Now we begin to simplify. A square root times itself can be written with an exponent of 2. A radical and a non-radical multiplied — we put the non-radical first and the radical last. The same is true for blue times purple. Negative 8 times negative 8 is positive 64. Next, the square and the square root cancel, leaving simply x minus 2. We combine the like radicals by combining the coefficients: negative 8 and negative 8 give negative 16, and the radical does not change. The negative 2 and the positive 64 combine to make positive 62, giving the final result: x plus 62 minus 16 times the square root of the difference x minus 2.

- - -

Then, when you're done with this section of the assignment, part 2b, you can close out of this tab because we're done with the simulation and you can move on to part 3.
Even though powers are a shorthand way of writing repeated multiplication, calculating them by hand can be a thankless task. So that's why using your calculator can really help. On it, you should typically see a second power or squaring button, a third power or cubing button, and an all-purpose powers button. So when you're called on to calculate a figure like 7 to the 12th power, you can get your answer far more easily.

- - -

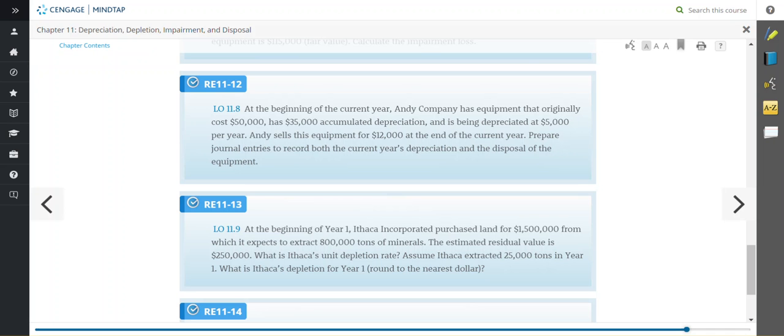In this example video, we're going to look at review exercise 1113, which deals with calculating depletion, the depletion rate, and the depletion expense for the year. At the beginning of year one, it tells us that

- - -

■ **What you are asked to do**
Check each line of the material for the word "when". Copy the ones that have it.

■ **Answer to the exercise**
Then, when you're done with this section of the assignment, part 2b, you can close out of this tab because we're done with the simulation and you can move on to part 3.
Even though powers are a shorthand way of writing repeated multiplication, calculating them by hand can be a thankless task. So that's why using your calculator can really help. On it, you should typically see a second power or squaring button, a third power or cubing button, and an all-purpose powers button. So when you're called on to calculate a figure like 7 to the 12th power, you can get your answer far more easily.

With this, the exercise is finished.